Problem to solve: The response must be the exact lines from the one that contains "CAT 272D Skid steer loderler" through the end of the material, with no pictures and no additional lines.
:::
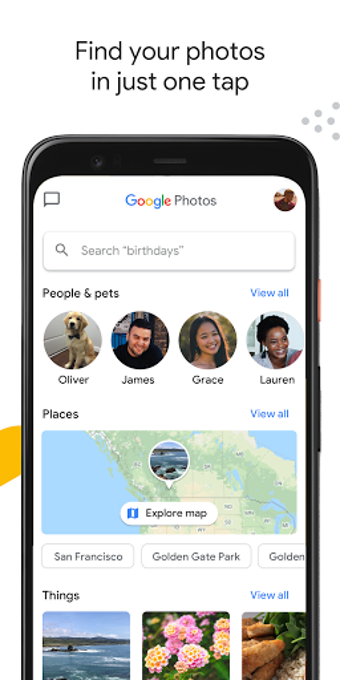 Obraz 3 dla Google Photos
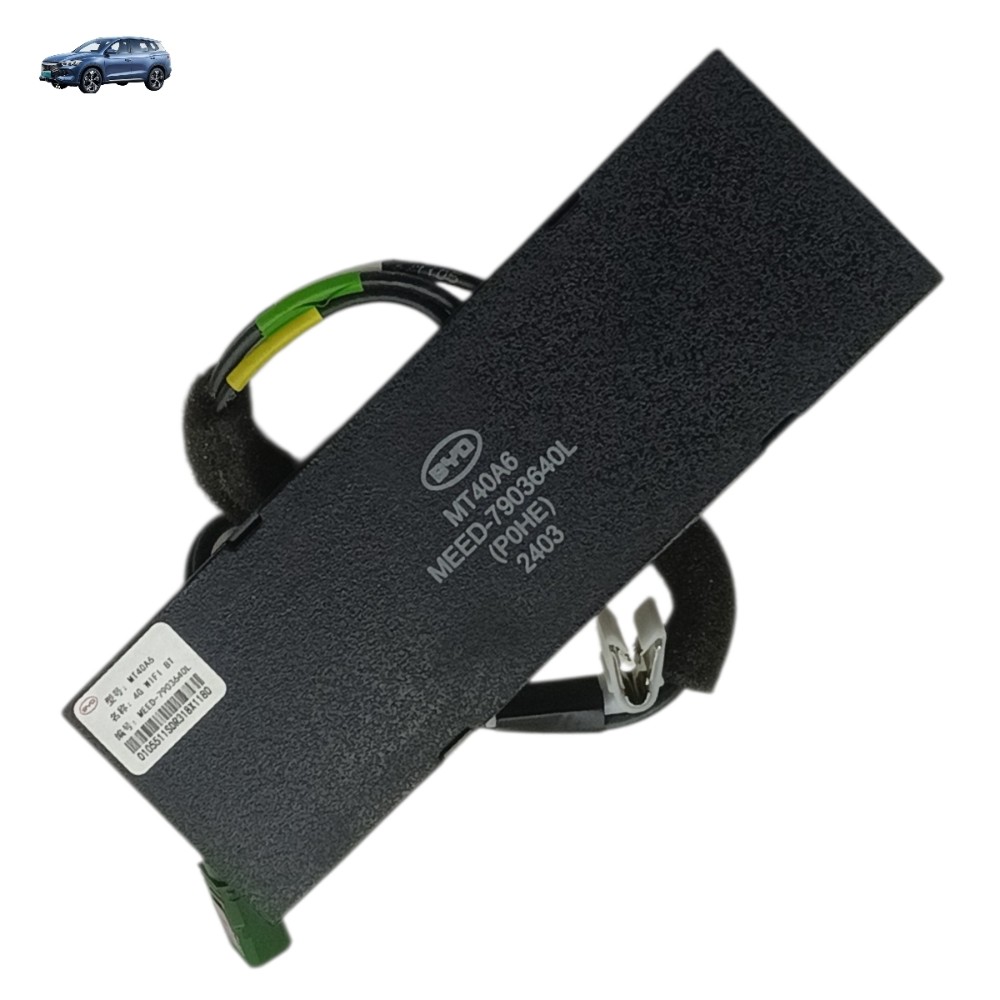 Módulo Antena Gps Tetô Byd Song Pro 2024 2025 2026 1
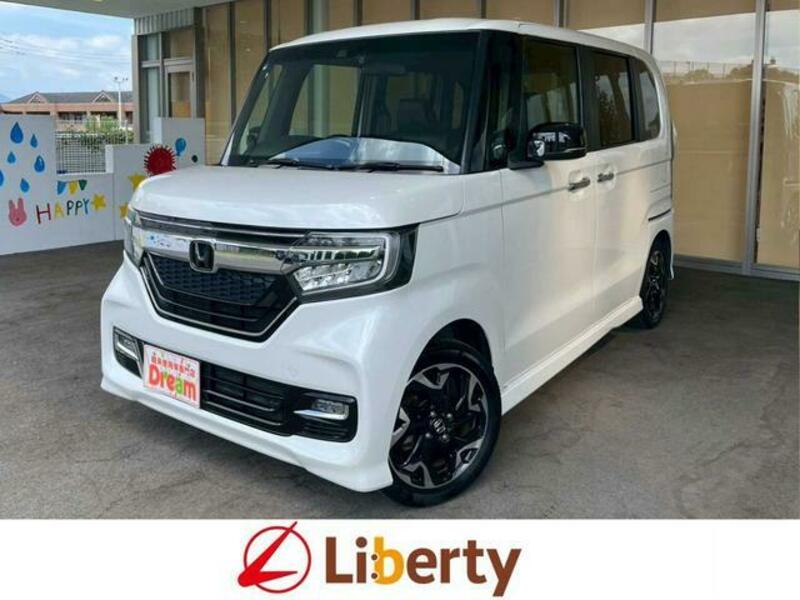 HONDA N BOX CUSTOM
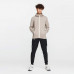 КУРТКА ДЛЯ БЕГА RUN WARM+ МУЖСКАЯ БЕЖЕВАЯ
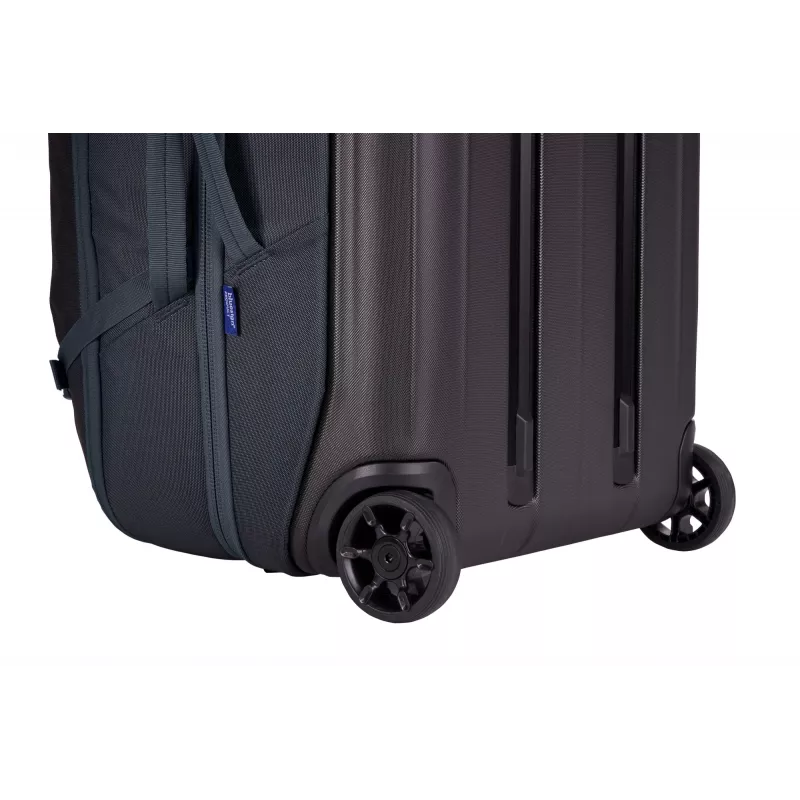 Thule Subterra 2 TSR490 Dark Slate matkalaukku pehmeäkuorinen harmaa 90 L polykarbonaatti (PC), polyesteri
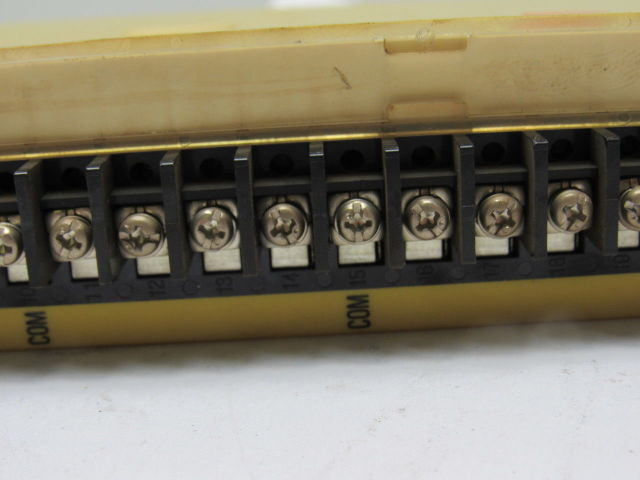Fanuc A03B-0801-C131 ID16A 24VDC Input Module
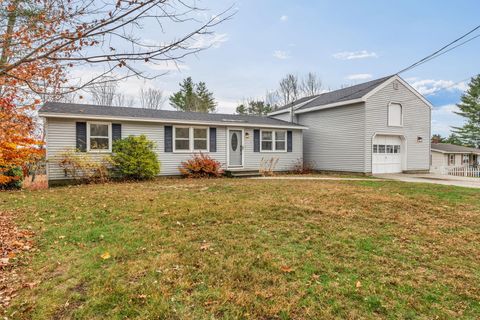 Photo of 129 Summer Street, Lisbon, ME 04252 (MLS # 1646812)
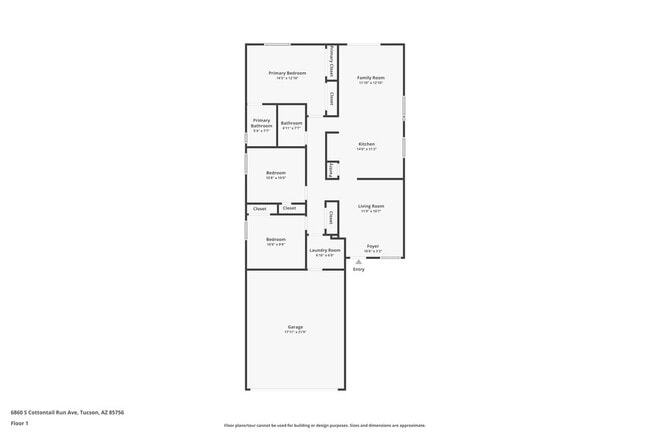 Building Photo - 6860 S Cottontail Run Ave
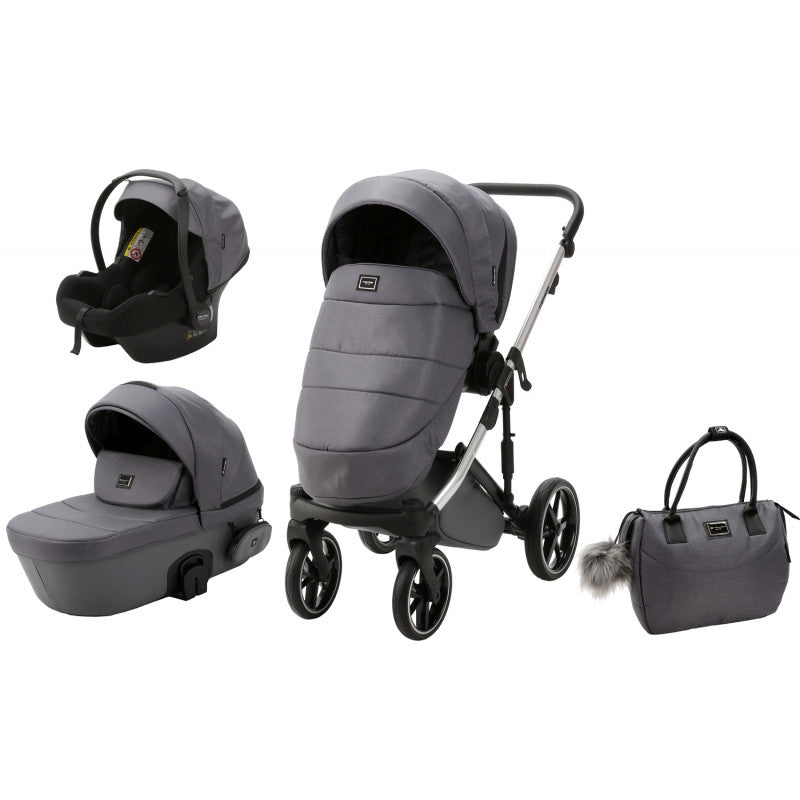 Poussettes Trios Adamex Lumi Air
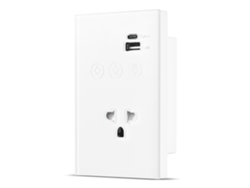 Interruptor inteligente Wifi con aplicación y control por voz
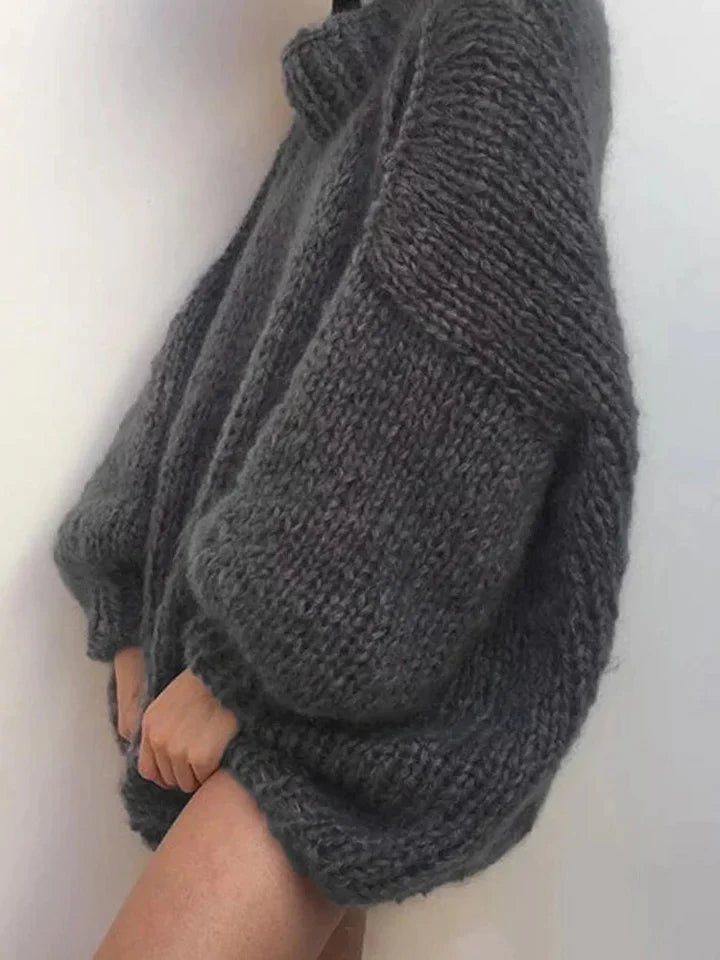 Piper | DAMES RONDE HALS TRUIJURK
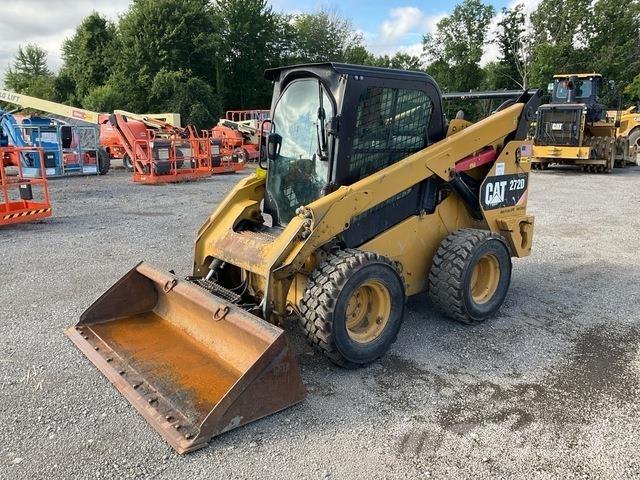 CAT 272D Skid steer loderler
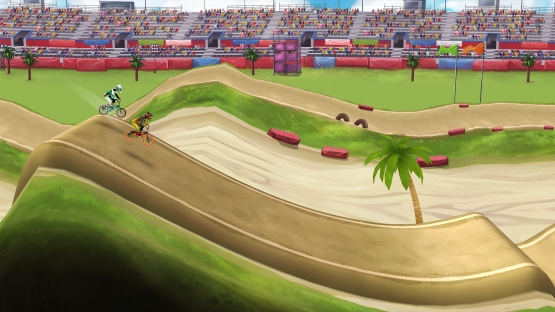 Mad Skills BMX 2 Mod Apk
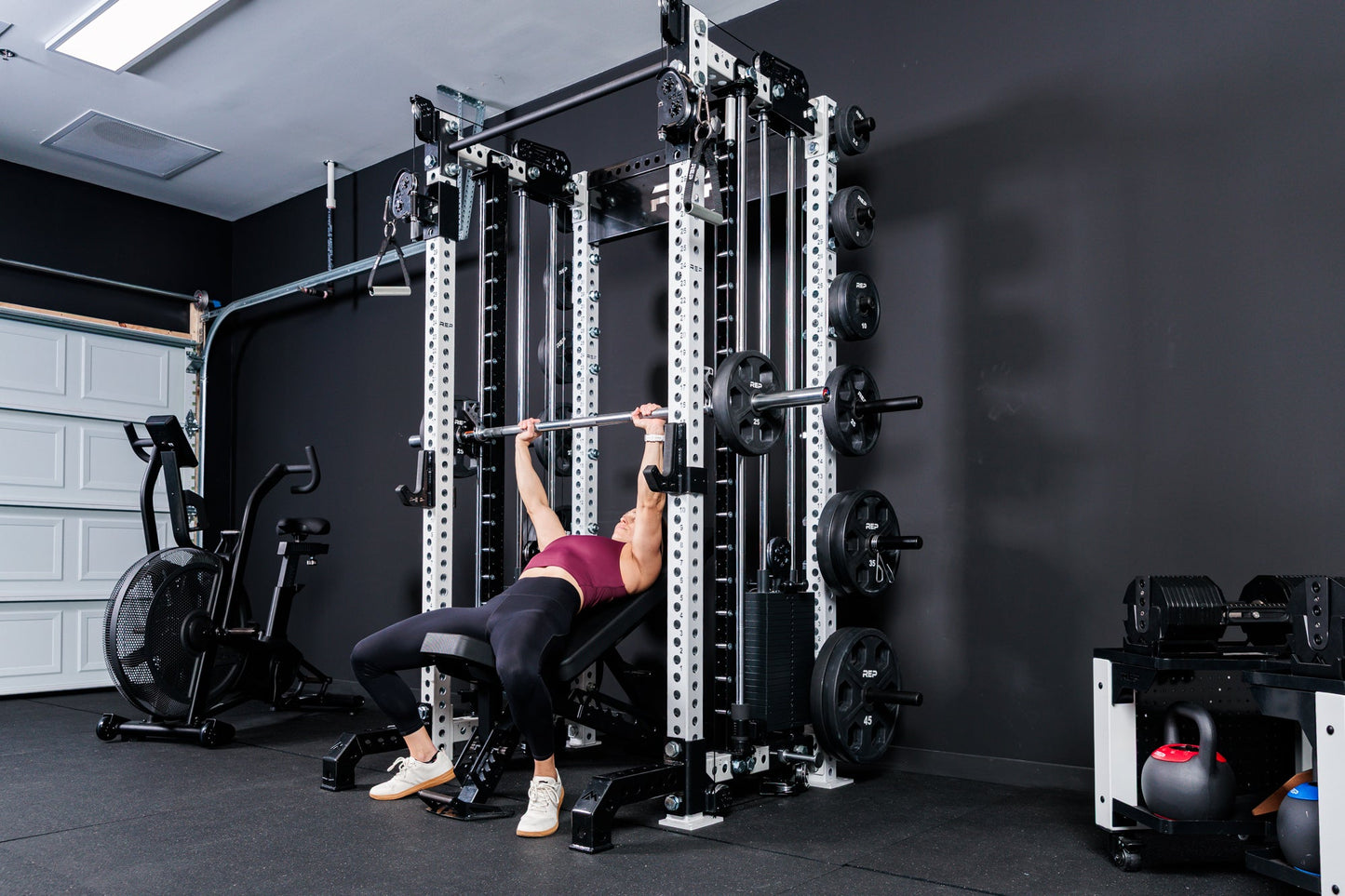 Summit™ All-In-One Trainer with Athena™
:::
Output below:
 CAT 272D Skid steer loderler
 Mad Skills BMX 2 Mod Apk
 Summit™ All-In-One Trainer with Athena™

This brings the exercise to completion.